On top of the many secrets in the sex lives of these characters, there also are what seem like superstitions, especially among their relatives — like the grandmother who dreams of fish and is then sure someone in her family is pregnant. What does that say about the influence of factors other than faith in the minds of some church ladies?

What’s revealed to us in dreams, those things we typically call superstition or old wives’ tales, they are drawn from our African roots. They get all tangled up when enslaved and formerly enslaved people adapted to Christianity and folded those practices in. So sometimes we can’t tell where one starts and one (ends). But as Black people, we own all of it. But too often, what we point to as superstition is presented as antithetical to Christianity or to godliness and many of us know that’s simply not true.

There are so many traditions of the Black church that you touch on in this collection — from the specific pews people sit in Sunday after Sunday to the special flower worn on Mother’s Day. What are you hoping to reveal about the ethos of these congregations?

I hope people see those things as the ways in which I am not bashing the church, that I still have fond memories of those kinds of traditions and that the church in and of itself isn’t the problem and so there’s a lot of good. There are reasons people cling to the church, very good reasons. There are reasons I have these memories and it’s not because I had bad experiences at church. It’s because I looked forward to Mother’s Day and knowing what those flowers meant and seeing who had the red flowers and who had the white flowers.

For those who are less familiar with these traditions, would you explain that tradition about the red and white flowers?

On Mother’s Day, you would wear a flower on your collar or your lapel, or you pin it to your dress. And you wear a red flower if your mother is still living and a white flower if your mother has passed away. Mother’s Day is a day where a lot of people come to church, usually or perhaps at the request of their mother. Maybe they don’t come any other time, but you know, mama or grandmama wants you to be there so you go and you wear your flower.

There is a story titled “Instructions for Married Christian Husbands.” It’s written in a different style than the others, a literal list that starts with “park at least one block away” from the home of the serial mistress. Why did you choose to include this?

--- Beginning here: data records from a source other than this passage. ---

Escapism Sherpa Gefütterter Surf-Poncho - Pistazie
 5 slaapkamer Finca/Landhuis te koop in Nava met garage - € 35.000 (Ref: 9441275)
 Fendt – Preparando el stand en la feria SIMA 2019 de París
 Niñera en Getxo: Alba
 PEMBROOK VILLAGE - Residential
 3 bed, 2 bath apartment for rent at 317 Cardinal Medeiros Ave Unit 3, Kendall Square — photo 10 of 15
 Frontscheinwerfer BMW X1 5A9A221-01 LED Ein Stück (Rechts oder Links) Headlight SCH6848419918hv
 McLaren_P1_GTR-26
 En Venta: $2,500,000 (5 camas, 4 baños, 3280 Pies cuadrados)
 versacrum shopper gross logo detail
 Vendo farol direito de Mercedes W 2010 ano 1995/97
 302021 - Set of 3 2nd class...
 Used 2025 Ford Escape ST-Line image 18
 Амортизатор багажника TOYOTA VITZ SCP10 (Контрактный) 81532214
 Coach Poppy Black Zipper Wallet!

I liked the concept of this serial mistress. But in the triad, if there’s a husband and there’s a wife and there’s this woman, she’s the one we hear from the least. She’s the most vilified. So I thought, what if I kind of subverted that and what if instead of her being the person on the margins, what if she controlled the narrative? I’m a big fan of what is called hermit crab essays in nonfiction, where you write an essay, but it takes the form of something ordinary. So I thought what if I did that with fiction and she wrote a little instruction manual for these guys? Now I can be creative and a little clever, but still tackle something that’s pretty serious.

How do you think your mother and grandmother would react to your fictional take on the secrets in the pews of churches — churches like the ones you attended with them?

I think they would be proud of me because they were just always proud of me. I don’t think there would be any exception about this book. Now, it gives me pause because there is a lot of sex in the book. But even with some of the more provocative content, I think they’d still be very proud and very happy about it.